Rasiej also theorized that Civic Hall’s unique value proposition made it a harder sell. “It isn’t a tech or workforce training organization,” he said. “It’s a facilitator that’s going to push the tech industry to be more diverse.” In contrast, his other organization, mouse.org, “empowers all youth and educators to engage with computer science and creative technology to solve real problems,” according to its mission statement. “It’s a much simpler narrative,” Rasiej said.
“Places like this need to exist”
In October 2022, RAL Development finalized a 25-year lease with the Fedcap Group to house Civic Hall in Zero Irving. A little over a year later, Rasiej has raised roughly $22 million, with Newmark’s $5 million being the only funding that could be classified as what he called “pure philanthropy.” Of the remaining balance, he secured $10 million from the EDC through a rent abatement, $5 million from Mayor Adams’ capital budget, and $2 million from companies like Amazon and Google for classroom naming rights, plus smaller capital grants like a $500,000 grant from Manhattan Borough President Mark Levine.
“To get a piece of civic infrastructure built today, irrespective of funding, is quite a complex process,” he said — an understatement, to be sure. “And it ties back to philanthropy, because there are no Astors or Morgans or Vanderbilts who are building libraries or museums the way that they did in the industrial era.”
I’ll go out on a limb and assume most readers have no desire to go back to the late 19th century, nor is anyone particularly keen on ceding even more influence in the civic sphere to our less-than-benevolent tech overlords.
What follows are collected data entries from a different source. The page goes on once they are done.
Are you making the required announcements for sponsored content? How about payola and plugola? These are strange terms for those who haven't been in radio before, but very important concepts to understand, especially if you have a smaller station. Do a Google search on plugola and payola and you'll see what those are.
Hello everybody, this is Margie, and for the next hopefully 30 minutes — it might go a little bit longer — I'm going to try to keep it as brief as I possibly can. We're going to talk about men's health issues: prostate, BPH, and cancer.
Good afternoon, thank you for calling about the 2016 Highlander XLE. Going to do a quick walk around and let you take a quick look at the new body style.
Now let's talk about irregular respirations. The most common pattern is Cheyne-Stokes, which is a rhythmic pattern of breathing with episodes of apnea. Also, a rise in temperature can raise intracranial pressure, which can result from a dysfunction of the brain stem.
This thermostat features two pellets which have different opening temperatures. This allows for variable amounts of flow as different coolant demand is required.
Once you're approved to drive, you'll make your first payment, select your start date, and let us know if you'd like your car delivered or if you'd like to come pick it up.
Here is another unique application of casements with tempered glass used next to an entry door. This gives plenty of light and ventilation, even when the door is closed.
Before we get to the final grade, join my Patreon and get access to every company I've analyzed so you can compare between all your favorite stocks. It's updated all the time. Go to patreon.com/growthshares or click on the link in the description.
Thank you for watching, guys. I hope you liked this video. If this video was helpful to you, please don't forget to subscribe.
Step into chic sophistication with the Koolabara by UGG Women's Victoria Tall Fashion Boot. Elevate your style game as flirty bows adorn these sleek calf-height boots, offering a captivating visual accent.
But as organizations grapple with brutal inflationary pressures, Rasiej’s assessment suggests that philanthropy should, at the very minimum, revisit its reluctance to provide capital funding and general operating support that can used for capital purposes.
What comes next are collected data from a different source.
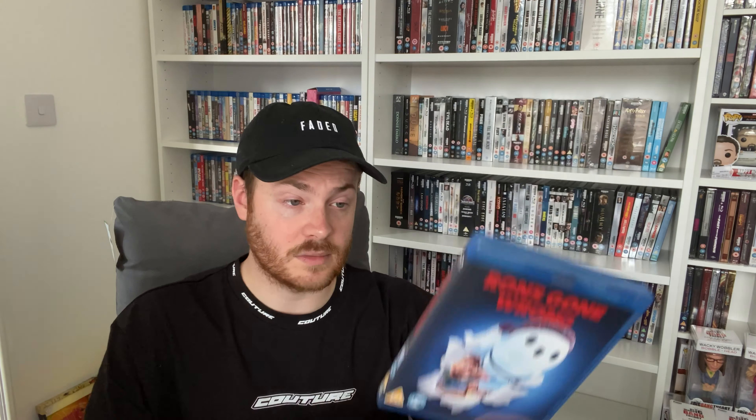I got Ron's Gone Wrong from Cinema Diesel for two pounds with free postage — absolutely incredible deal. What a movie this was — I absolutely loved it when I watched it a few months back. The animation was great and I loved the story. I was looking at it the week before in HMV and it was on sale at about £6-£7, but for two pounds this was an incredible steal.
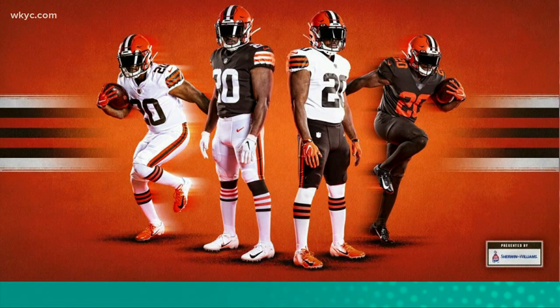All right fans, the wait is over. The uniforms have been unveiled and I have to say my initial reaction is two thumbs up. I like them a lot. For those that were hoping for a return of the orange pants, you're somewhat disappointed because their uniform combinations do not include those old school 70s orange pants that the Browns used to wear.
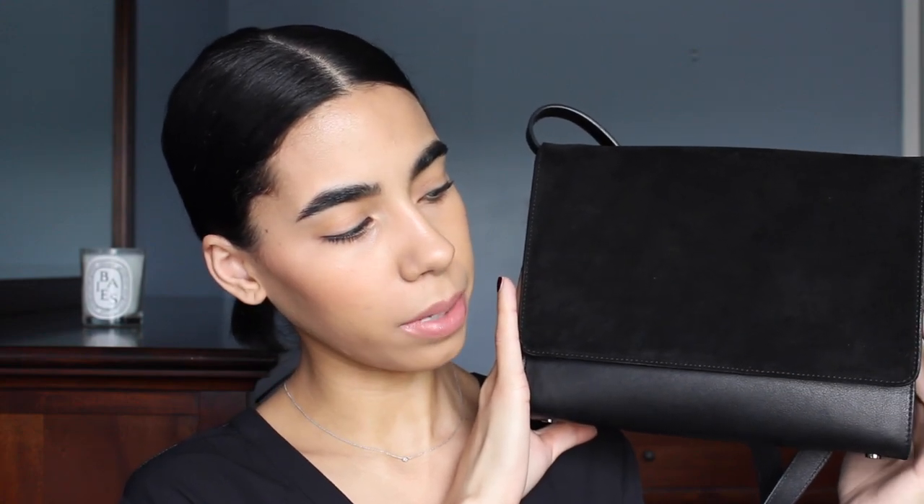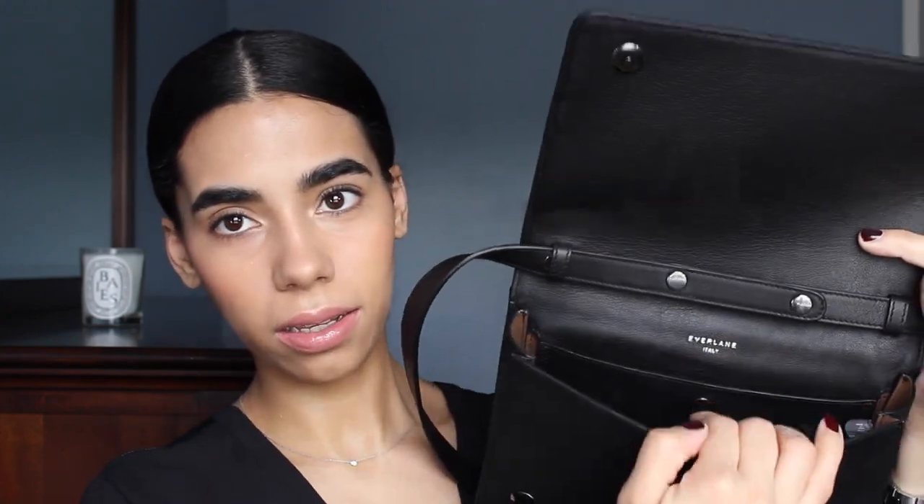This is my new bag — the Petra crossbody from Everlane. It's a simple, classic black leather bag, Italian leather I believe, and this front flap is suede. There is a magnetic pocket in the back, and you would be surprised how much fits in here even though it looks small. It has a detachable shoulder strap, and inside you can adjust the strap length. It also says 'Everlane' here and has a pocket on the inside — also magnetic.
“If you're funding a program, then how is it possible that you expect your program grantees to succeed if you’re not looking at the infrastructure that they need in order to execute on that program?” Rasiej said. “It seems to me like a fundamental box that has to be checked before you give the grant.”
I spoke with Rasiej about a week before Civic Hall’s grand opening. He was deeply grateful that Fedcap’s involvement pulled the project back from the brink and understandably proud of shepherding the project through New York City’s regulatory labyrinth. He also made a point of mentioning some of the new space’s tenants, including LaGuardia Community College, which is launching technology education programs to provide digital skills training at little or no cost, and the Data School, a U.K.-based company that trains people in the Salesforce ecosystem.
Rasiej says their work speaks to Civic Hall’s overarching mission of cultivating a more diverse tech industry. He hopes that in time, other community leaders and funders will follow its lead. “Unless we change the color of the faces in the room designing the future, the future will look like the present,” Rasiej said. “Places like this need to exist.”